Two Cornell Ph.D. students passionate about improving patient health care are embarking upon an entrepreneurial journey after developing a new software to reduce MRI scan times and allow for earlier detection of chronic diseases.
Biomedical engineers Madhur Srivastava and Ruisheng Wang met while attending a graduate student program at Weill Cornell, and combined Srivastava’s technical experience in electrical and computational engineering and Wang’s background in diagnostics of low-resource development and business to develop their project.
Last week, the pair won a $1,375 award in a pitch competition at eHub Collegetown through the Clinton Global Initiative University.
CGIU enables innovators to meet, discuss and create innovative solutions to social issues around the world. Students create Commitments of Action to solve challenges in global communities in many areas, including public health.
The MRI software the pair developed will allow for earlier detection of chronic diseases and cancer, according to Srivastava. If the pair succeeds in reducing scan times and therefore cutting patient wait time, more patients can be scanned in the same amount of time it currently takes to scan one individual.
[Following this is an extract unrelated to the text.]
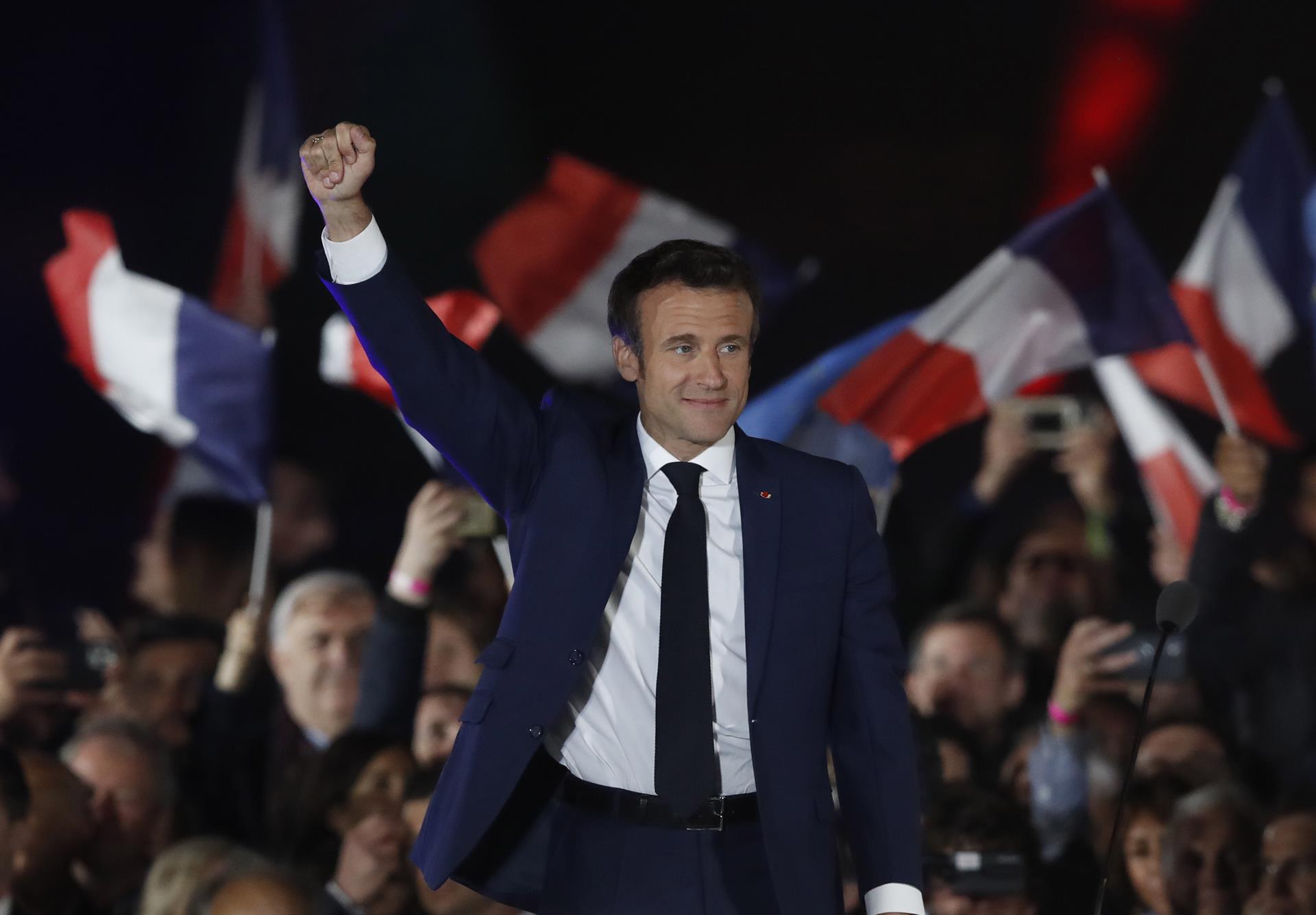 Johnson felicita a Macron por su reelección como presidente de Francia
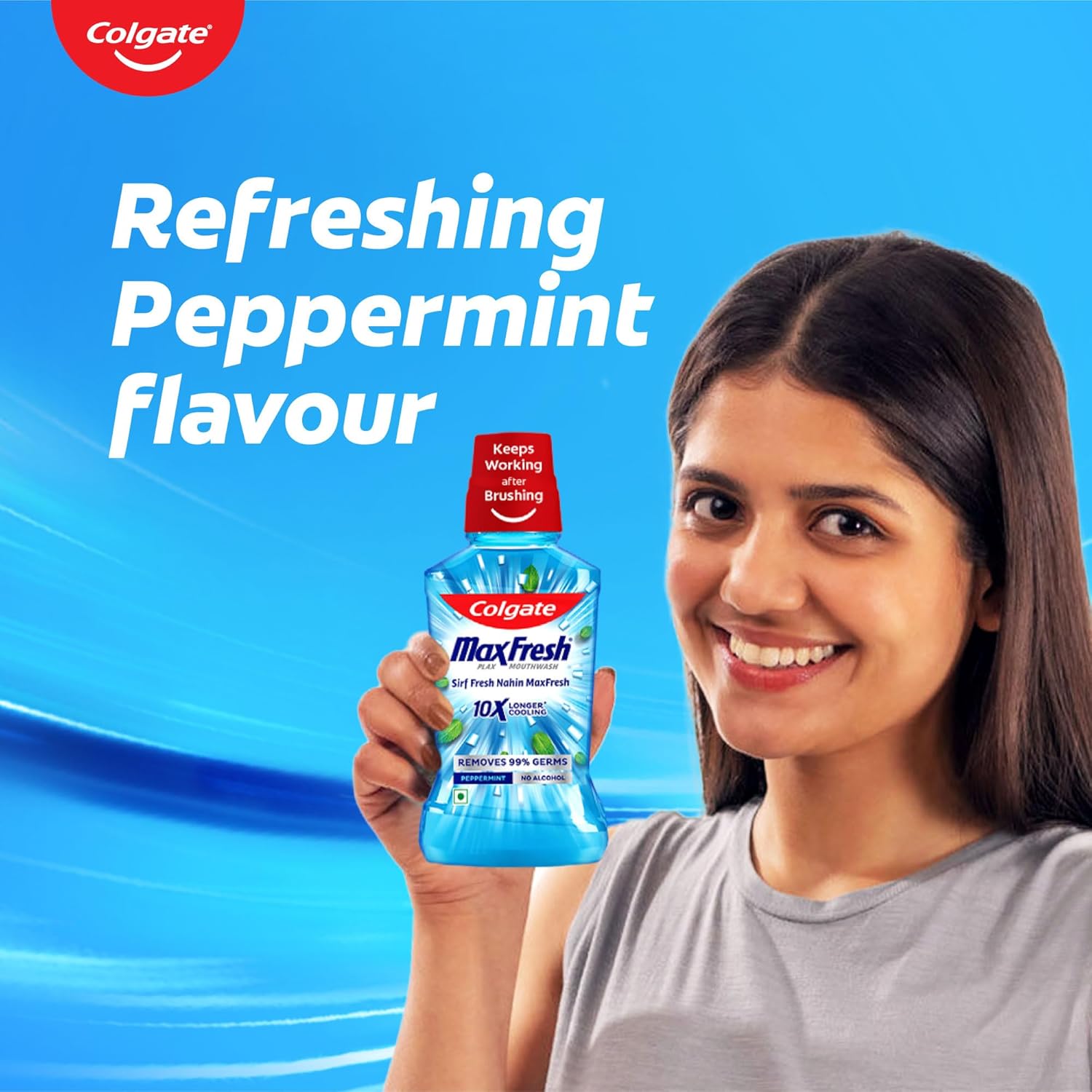 Mouthwash Peppermint Colgate 250ml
“Through a business opportunity, we reinforced with CGIU that our project will reduce costs because if diseases are diagnosed early with improved MRI efficiency, this will lead to less healthcare cost to treat these diseases, which solves a societal problem,” Srivastava said.
“Furthermore, CGIU emphasized the importance of improving access to healthcare, which our work will do,” Wang said.
According to Srivastava, MRIs currently pose several challenges, ranging from the financial cost of obtaining an MRI scan to the inaccessibility of MRIs across the world — and even in the United States.
“In the United States, patients must wait two to four weeks to get an MRI even though the U.S. has the second highest number of MRI machines in the world,” Wang said.
Even if the appropriate infrastructure is available, patients cannot access MRIs readily unless in emergencies. This consequence is graver in less developed regions of the world, where MRI machines are in lower supply.
When hospital consultants studied the operation efficiency of MRI machines, they found that scan time — rather than the quantity of MRI machines in the U.S. — is the main reason patients face long wait times.
The team hopes that their work can lead to less patient backlog and greater efficiency.
“Despite MRIs being the best to diagnose diseases, it is the last to be employed because people say that it is too costly so why not use cheaper methods,” Srivastava said.
Srivastava, who studies nuclear magnetic resonance — the technology used for MRI machines — hopes that the software will reduce background noise in NMR readings. This noise leads to an increased amount of time for an MRI machine to scan patients.
Furthermore, the cost of an MRI correlates to the time it takes to conduct a scan. By lowering the cost of an MRI machine, hospitals and countries that do not have strong healthcare systems can spend less money operating the machine and can use them in lower risk cases, such as earlier detection of diseases and cancer.
Srivastava and Wang are already beginning a pilot study at the National Cancer Institute over spring break. Wang also added that they hoped to further develop their startup over the summer using their connections with manufacturing companies like Siemens.